December 30, 2019
Last Updated on July 14, 2023
Whether you have purchased a piece of land which features disused agricultural buildings, or you already own a farm comprising buildings that have become redundant, it is imperative to consider ways in which these structures could be converted and utilised instead of leaving them to gather cobwebs.
For those who own a farm and are actively looking for ways to increase profits, disused structures such as empty barns are a prime opportunity. Thanks to recent alterations in Class Q Permitted Development Rights, farmers have greater scope to increase their incomes when it comes to converting agricultural buildings.
Here are a handful of ideas for converting your disused agricultural buildings for an increase in profit.
If your structure is large enough, you could convert it into one or more homes and place them on the property market.
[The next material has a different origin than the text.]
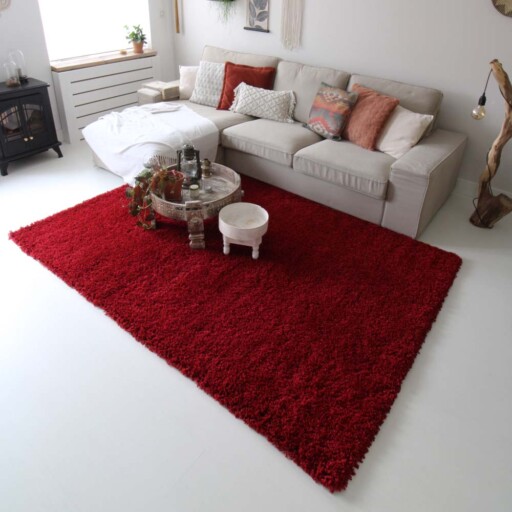 Hoogpolig vloerkleed shaggy Royal 5cm hoogte - rood - sfeer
Currently, you are allowed to create up to five small dwellings, each with a maximum floor space of 100sqm, or up to three large dwellings, with a maximum combined floor space of 465sqm. Alternatively, you can use a combination of the two; in this case, up to five dwellings can be created, and no more than three of these can be large dwellings.
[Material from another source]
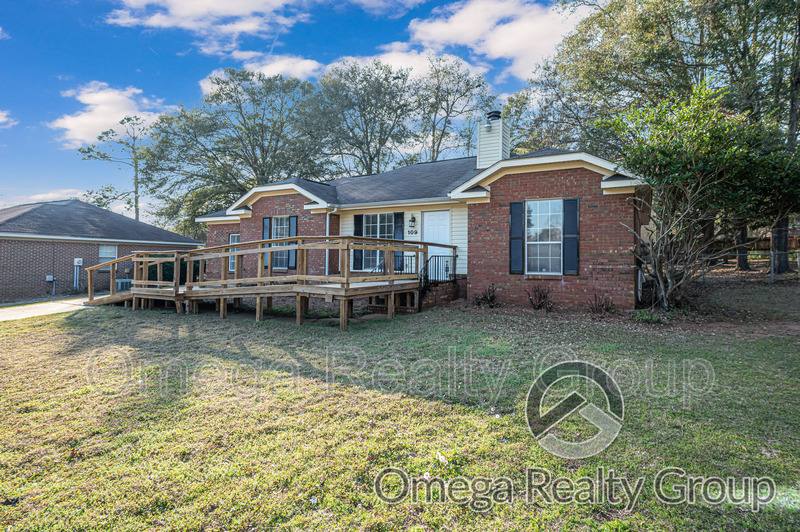 House for rent at 109 Rambling Way, Dothan, AL 36303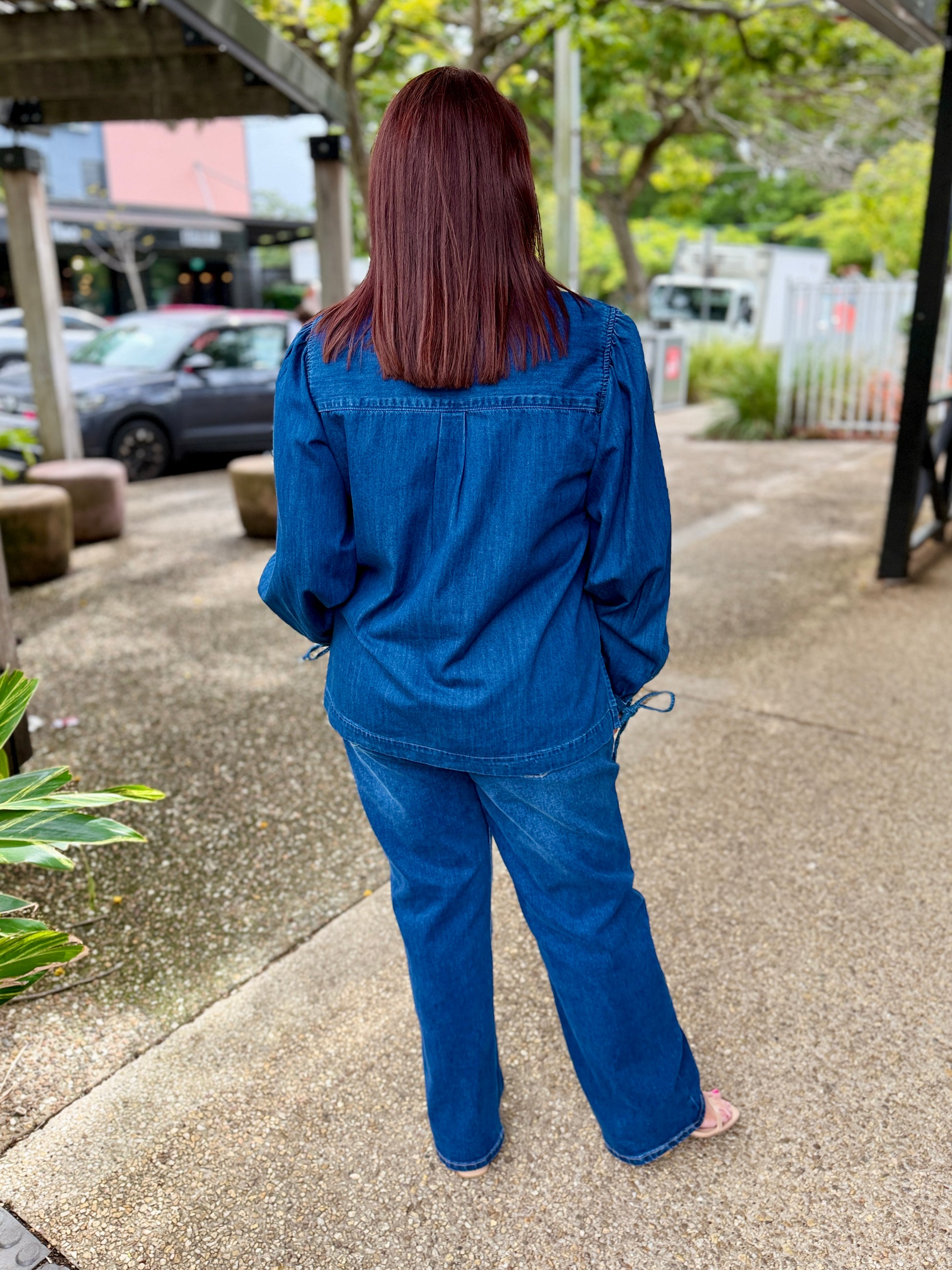 Scarlett Jean – Dark Blue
If you are interested in maintaining an income over a longer period of time, you could consider becoming a landlord and placing the homes on the market for rent. Hiring a property management company should make this option much easier, as they will handle all communication with tenants.
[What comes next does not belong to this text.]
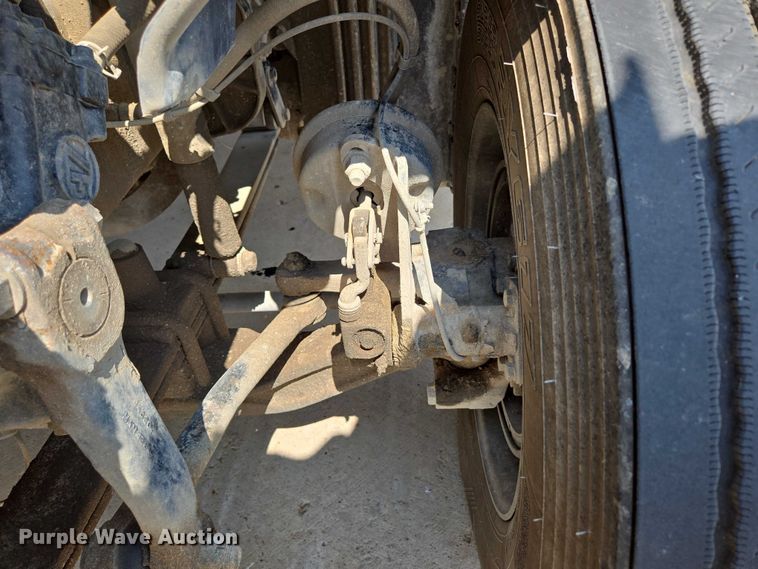 image for item ED2037 2015 Freightliner Cascadia semi truck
If you have employees who are unable to find a home close to your farm due to limited availability, high house prices or otherwise, it may be more convenient, for both parties, to provide housing onsite. However, do consider that agricultural tenants have slightly different rights to private tenants; for example, you will have to offer the tenant alternative accommodation if they stop working for you and you require the home for another worker.
Converting a building for your family could also be beneficial; for example, if your children are set to take over the farm, they may wish to have their own houses onsite to live in and perhaps start their own families, which can save money in the long run.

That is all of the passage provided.